DATA FOR THE TASK »
'''

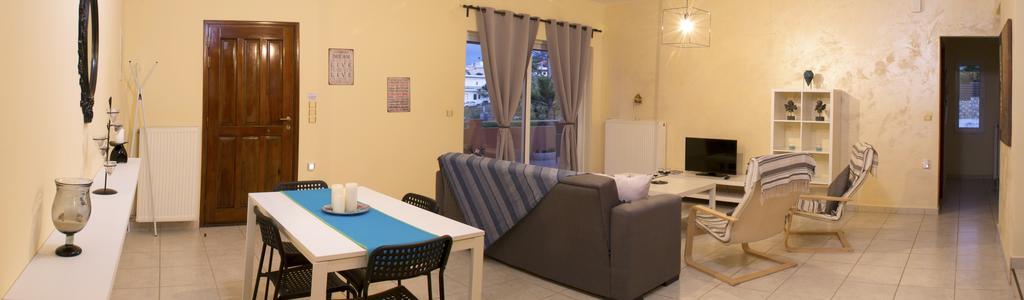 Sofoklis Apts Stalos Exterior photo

'''
'''

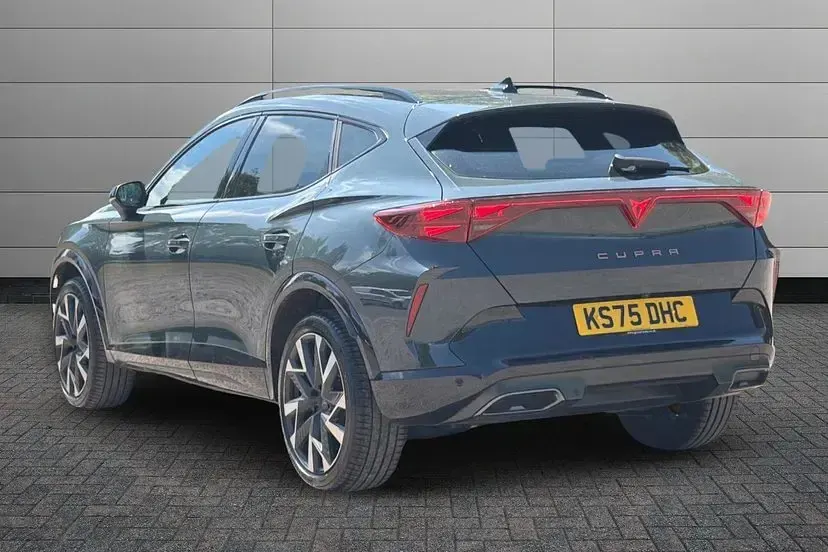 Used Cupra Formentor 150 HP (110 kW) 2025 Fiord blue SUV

'''
'''

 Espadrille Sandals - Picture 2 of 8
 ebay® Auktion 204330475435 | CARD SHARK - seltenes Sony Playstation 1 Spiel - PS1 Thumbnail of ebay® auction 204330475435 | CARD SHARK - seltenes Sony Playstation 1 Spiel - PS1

'''

WHAT IS BEING ASKED » Transcribe the records above exactly, beginning at the line that contains "Espadrille Sandals - Picture 2 of 8" and ending with the line that contains "ebay® Auktion 204330475435", both included, and nothing else.

THE COMPLETED TASK »
 Espadrille Sandals - Picture 2 of 8
 ebay® Auktion 204330475435 | CARD SHARK - seltenes Sony Playstation 1 Spiel - PS1 Thumbnail of ebay® auction 204330475435 | CARD SHARK - seltenes Sony Playstation 1 Spiel - PS1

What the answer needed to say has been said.